TDM 20100: Project 8 — SQL

Motivation: Starting with this project, we will learn about databases, which allow you to write queries about data.

Context: We will focus on SQLite. Once you understand how to make queries in SQLite, you will have a strong foundation that can be used to learn other database resources, such as MySQL.

Scope: SQLite queries that do not need JOIN

Learning Objectives:
  • We will learn how to make SQLite queries on one table at a time (without using the JOIN)

Make sure to read about, and use the template found here, and the important information about project submissions here.

Dataset(s)

This project will use the following dataset:

  • /anvil/projects/tdm/data/lahman/lahman.db (Lahman baseball database)

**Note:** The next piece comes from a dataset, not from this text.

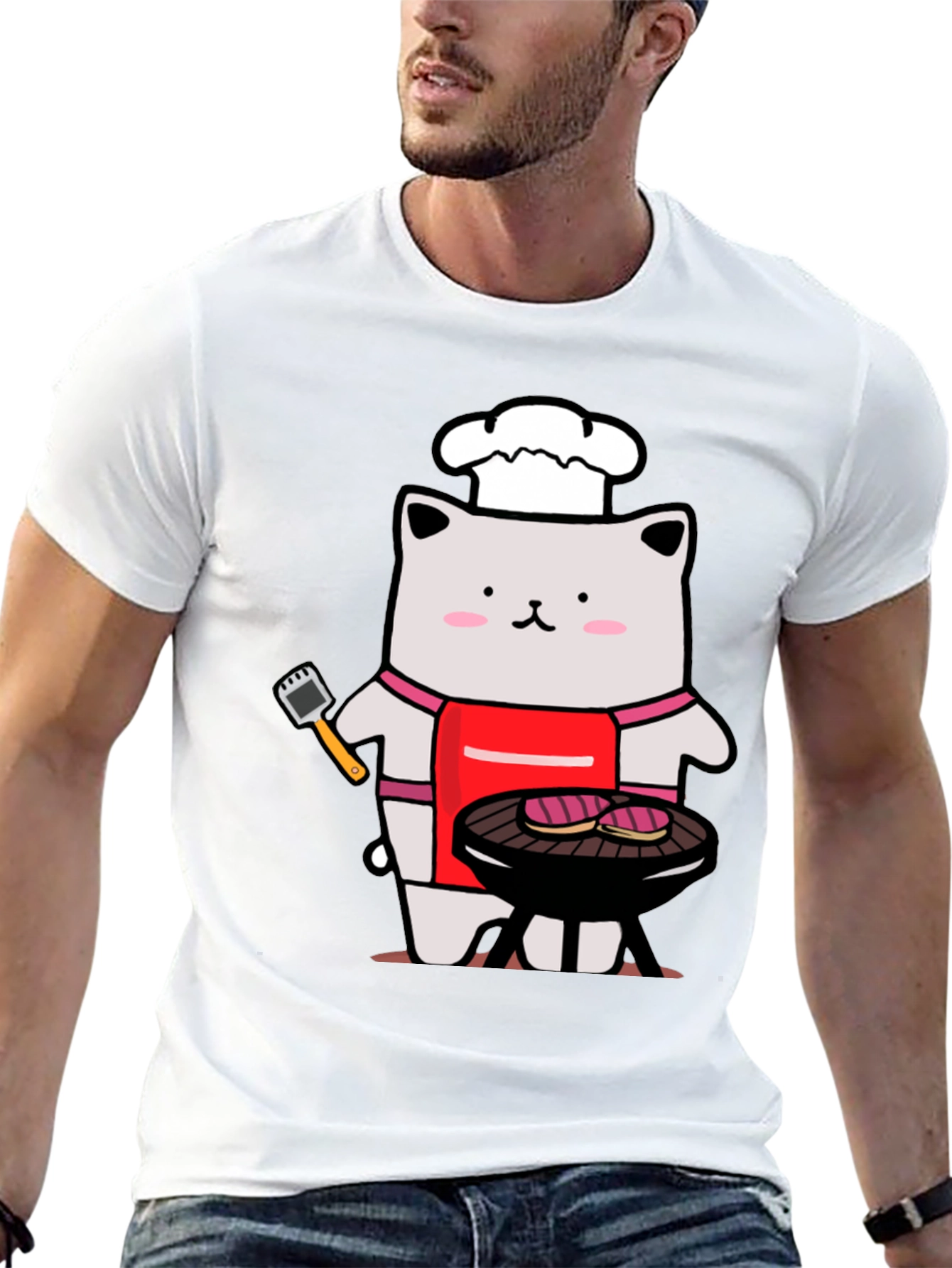Camiseta Hombre: Gato Chef Asando a la Parrilla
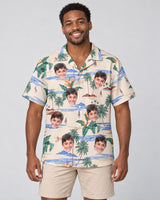 Tropical Island Paradise Hawaiian shirt with printed faces, worn by a man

Our page in The Examples Book about SQL (in general) is given here: the-examples-book.com/tools/SQL/

Before you begin the project, try the examples from the Lahman baseball database found on this webpage of The Examples Book: the-examples-book.com/tools/SQL/lahman-examples-no-joins All of these examples are (relatively) simple and do not need to JOIN two tables. They just rely on one table of the database at a time.

Questions

Using the seminar kernel, if you run this line in a cell by itself:

%sql sqlite:////anvil/projects/tdm/data/lahman/lahman.db

If your kernel dies, then you need to re-run the line above. You also need to re-run this line at the start of any new Jupyter Lab session.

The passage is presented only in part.